# Lots of Stuff!



## Pete (Jun 20, 2010)

heres a random sampling of the silly amount of plants blooming in my greenhouse at the moment...
_Phalaenopsis lobbii_






Vanda Sansai Blue-very old plant really putting on a good show now





_Cymbidiella paradalina_-5 spikes right now





_Epidendrum longiripens_






_Phalaenopsis cornu-cervi_





_Phalaenopsis violacea var. alba





Phalaenopsis violacea_ 'Julie Christine'





_Cattleya aclandiae var. coerulea_ D)





_Laelia purpurata var. carnea_-one of my favorite forms of this excellent species. this pink is even more electric in real light... still opening...

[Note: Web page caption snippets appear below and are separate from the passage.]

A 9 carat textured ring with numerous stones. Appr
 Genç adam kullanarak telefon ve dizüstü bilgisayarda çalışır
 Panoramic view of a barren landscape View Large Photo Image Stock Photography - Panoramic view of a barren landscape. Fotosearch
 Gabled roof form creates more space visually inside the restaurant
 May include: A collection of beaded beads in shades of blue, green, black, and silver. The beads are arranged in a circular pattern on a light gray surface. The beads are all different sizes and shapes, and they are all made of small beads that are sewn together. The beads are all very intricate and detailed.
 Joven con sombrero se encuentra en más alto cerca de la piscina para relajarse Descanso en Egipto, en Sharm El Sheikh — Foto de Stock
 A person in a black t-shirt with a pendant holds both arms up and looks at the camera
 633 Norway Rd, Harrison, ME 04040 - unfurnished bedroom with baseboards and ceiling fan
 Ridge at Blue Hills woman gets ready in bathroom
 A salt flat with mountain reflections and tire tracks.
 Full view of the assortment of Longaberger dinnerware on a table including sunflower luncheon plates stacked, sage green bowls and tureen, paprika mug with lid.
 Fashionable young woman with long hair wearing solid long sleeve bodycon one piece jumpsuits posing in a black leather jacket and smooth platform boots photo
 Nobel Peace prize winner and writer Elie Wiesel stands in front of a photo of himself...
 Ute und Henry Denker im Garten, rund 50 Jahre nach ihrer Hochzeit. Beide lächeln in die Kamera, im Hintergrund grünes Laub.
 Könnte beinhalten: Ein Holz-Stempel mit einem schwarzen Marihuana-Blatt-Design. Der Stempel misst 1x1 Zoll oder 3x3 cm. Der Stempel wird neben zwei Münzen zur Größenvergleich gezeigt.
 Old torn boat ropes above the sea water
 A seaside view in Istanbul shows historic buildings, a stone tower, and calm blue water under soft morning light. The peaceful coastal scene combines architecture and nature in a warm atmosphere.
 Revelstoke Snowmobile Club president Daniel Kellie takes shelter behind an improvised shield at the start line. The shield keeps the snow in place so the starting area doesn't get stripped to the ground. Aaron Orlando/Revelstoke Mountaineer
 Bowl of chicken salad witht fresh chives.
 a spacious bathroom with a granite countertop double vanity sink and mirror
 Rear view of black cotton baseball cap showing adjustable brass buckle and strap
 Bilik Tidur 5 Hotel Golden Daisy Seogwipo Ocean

Vanda Mimi Palmer-best.fragrance.ever.


----------



## paphioboy (Jun 20, 2010)

Holy cow...  What I wouldn't give to have so many beauties blooming in my collection at once..


----------



## Hera (Jun 20, 2010)

Gorgeous display of beauties. When can I move in?


----------



## Shiva (Jun 20, 2010)

I wish I was that good at being silly with orchids. You take the cake and deserve to eat it. :drool::drool::drool:


----------



## Pete (Jun 20, 2010)

haha thanks! im not really being silly _with_ my orchids... its just silly how many are in bloom right now. probably almost half of the entire greenhouse..


----------



## Lanmark (Jun 20, 2010)

Wow! It's a living paradise! Both of your _Phal violacea_ varieties are mouth-watering and your _Laelia purpurata var. carnea_ is truly exceptional in color! What does the _Vanda Mimi Palmer_ smell like?
:drool:


----------



## jewel (Jun 20, 2010)

holy monkey! those are some beauties :drool: congrats on the riot of flowers:clap::clap:


----------



## KyushuCalanthe (Jun 20, 2010)

Not a bum in the lot, but the L. purpurata and P. cornu-cervi steal the show IMO.


----------



## John M (Jun 20, 2010)

The Phal. lobii, C. aclandiae and L. purpurata are all amazing! I love 'em!


----------



## SlipperFan (Jun 20, 2010)

They are all great blooms, but I vote for Epidendrum longiripens -- what an interesting plant and subtle flower colors. How big is the plant?


----------



## Pete (Jun 21, 2010)

Dot its a tiny thing. its crawling over the edge of a 4" terra cota pot. it is very "mat forming". the flowers are about 3 cm across


----------



## etex (Jun 21, 2010)

Awesome,cool blooms!!


----------



## swamprad (Jun 21, 2010)

They are all spectacular! I always enjoy photos from your greenhouse!


----------



## Pete (Jun 21, 2010)

thanks mark!


----------



## SlipperFan (Jun 22, 2010)

Pete said:


> Dot its a tiny thing. its crawling over the edge of a 4" terra cota pot. it is very "mat forming". the flowers are about 3 cm across



Thanks, Pete. Now I think I need one!


----------



## smartie2000 (Jun 23, 2010)

I love the Cymbidiella paradalina. That spike looks neat too


----------